▶ **Task prompt**
Only one span of the listing below should come back. It runs from the line with "1985 Garbage Pail" through the line with "EASIEST Popovers Ever", and each of its lines must be reproduced exactly.

▶ **Material provided**
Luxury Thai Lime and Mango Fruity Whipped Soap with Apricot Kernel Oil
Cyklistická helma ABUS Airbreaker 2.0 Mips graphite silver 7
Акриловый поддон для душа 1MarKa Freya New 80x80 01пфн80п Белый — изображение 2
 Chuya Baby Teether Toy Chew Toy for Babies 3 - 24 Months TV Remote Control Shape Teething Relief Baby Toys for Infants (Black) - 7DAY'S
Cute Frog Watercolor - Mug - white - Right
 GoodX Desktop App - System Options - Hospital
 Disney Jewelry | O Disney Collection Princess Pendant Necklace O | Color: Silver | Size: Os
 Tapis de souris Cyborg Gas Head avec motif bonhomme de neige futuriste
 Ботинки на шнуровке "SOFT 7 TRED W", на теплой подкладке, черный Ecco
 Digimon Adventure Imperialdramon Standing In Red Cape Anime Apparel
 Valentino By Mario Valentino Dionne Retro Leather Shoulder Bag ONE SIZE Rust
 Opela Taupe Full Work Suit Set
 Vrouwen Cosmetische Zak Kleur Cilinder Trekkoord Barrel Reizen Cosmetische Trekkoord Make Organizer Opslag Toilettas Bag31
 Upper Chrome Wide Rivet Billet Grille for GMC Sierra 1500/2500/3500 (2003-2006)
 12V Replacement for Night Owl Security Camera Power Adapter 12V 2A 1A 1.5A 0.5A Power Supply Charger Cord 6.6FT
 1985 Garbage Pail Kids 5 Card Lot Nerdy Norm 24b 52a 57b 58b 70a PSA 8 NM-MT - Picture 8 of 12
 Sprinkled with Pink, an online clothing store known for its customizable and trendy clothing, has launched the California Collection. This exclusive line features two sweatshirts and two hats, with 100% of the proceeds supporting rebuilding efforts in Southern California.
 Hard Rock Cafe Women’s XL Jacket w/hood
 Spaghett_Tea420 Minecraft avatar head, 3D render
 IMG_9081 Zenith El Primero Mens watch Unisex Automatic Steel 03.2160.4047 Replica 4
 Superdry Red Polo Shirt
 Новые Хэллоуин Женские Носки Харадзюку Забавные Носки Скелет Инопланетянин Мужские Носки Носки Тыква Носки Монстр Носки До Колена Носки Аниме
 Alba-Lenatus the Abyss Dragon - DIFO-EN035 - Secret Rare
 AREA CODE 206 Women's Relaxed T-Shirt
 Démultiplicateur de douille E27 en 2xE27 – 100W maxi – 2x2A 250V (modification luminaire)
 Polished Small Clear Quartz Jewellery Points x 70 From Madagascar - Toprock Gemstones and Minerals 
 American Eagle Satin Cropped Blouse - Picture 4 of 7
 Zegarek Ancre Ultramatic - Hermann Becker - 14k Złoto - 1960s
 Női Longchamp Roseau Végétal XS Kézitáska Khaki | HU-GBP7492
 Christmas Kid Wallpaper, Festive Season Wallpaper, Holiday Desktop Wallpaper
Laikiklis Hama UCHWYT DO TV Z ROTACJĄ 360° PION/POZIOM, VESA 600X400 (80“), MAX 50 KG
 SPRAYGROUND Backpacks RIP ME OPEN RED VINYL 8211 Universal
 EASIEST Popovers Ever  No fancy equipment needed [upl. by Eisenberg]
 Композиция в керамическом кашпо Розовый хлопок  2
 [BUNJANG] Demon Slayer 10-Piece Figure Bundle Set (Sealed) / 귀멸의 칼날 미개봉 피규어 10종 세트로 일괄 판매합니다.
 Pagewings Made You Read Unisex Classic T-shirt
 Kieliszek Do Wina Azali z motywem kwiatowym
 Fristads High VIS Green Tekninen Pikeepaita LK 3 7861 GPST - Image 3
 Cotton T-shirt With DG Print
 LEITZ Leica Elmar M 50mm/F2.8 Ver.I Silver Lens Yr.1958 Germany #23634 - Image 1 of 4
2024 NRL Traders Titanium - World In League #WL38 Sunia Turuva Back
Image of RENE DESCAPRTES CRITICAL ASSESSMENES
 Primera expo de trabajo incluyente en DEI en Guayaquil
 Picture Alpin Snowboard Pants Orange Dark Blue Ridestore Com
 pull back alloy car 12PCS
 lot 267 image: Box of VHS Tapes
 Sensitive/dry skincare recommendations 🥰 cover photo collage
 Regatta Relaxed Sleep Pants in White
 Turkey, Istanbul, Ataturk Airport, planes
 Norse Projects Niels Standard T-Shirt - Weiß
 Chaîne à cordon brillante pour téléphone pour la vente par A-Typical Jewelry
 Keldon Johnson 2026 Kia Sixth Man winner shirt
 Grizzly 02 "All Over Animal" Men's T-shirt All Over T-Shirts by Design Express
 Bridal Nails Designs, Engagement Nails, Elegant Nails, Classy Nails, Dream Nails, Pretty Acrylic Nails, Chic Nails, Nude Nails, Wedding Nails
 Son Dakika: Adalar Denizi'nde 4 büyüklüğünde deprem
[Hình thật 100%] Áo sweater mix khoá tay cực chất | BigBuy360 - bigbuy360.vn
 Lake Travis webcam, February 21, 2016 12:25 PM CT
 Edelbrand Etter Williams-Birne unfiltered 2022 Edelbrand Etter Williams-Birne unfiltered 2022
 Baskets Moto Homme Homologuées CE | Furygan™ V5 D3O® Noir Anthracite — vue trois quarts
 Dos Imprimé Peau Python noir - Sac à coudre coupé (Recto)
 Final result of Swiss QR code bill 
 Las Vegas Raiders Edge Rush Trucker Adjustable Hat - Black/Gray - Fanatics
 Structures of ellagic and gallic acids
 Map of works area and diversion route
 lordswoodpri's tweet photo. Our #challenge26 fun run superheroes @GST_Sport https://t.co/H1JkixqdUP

▶ **Solved problem**
 1985 Garbage Pail Kids 5 Card Lot Nerdy Norm 24b 52a 57b 58b 70a PSA 8 NM-MT - Picture 8 of 12
 Sprinkled with Pink, an online clothing store known for its customizable and trendy clothing, has launched the California Collection. This exclusive line features two sweatshirts and two hats, with 100% of the proceeds supporting rebuilding efforts in Southern California.
 Hard Rock Cafe Women’s XL Jacket w/hood
 Spaghett_Tea420 Minecraft avatar head, 3D render
 IMG_9081 Zenith El Primero Mens watch Unisex Automatic Steel 03.2160.4047 Replica 4
 Superdry Red Polo Shirt
 Новые Хэллоуин Женские Носки Харадзюку Забавные Носки Скелет Инопланетянин Мужские Носки Носки Тыква Носки Монстр Носки До Колена Носки Аниме
 Alba-Lenatus the Abyss Dragon - DIFO-EN035 - Secret Rare
 AREA CODE 206 Women's Relaxed T-Shirt
 Démultiplicateur de douille E27 en 2xE27 – 100W maxi – 2x2A 250V (modification luminaire)
 Polished Small Clear Quartz Jewellery Points x 70 From Madagascar - Toprock Gemstones and Minerals 
 American Eagle Satin Cropped Blouse - Picture 4 of 7
 Zegarek Ancre Ultramatic - Hermann Becker - 14k Złoto - 1960s
 Női Longchamp Roseau Végétal XS Kézitáska Khaki | HU-GBP7492
 Christmas Kid Wallpaper, Festive Season Wallpaper, Holiday Desktop Wallpaper
Laikiklis Hama UCHWYT DO TV Z ROTACJĄ 360° PION/POZIOM, VESA 600X400 (80“), MAX 50 KG
 SPRAYGROUND Backpacks RIP ME OPEN RED VINYL 8211 Universal
 EASIEST Popovers Ever  No fancy equipment needed [upl. by Eisenberg]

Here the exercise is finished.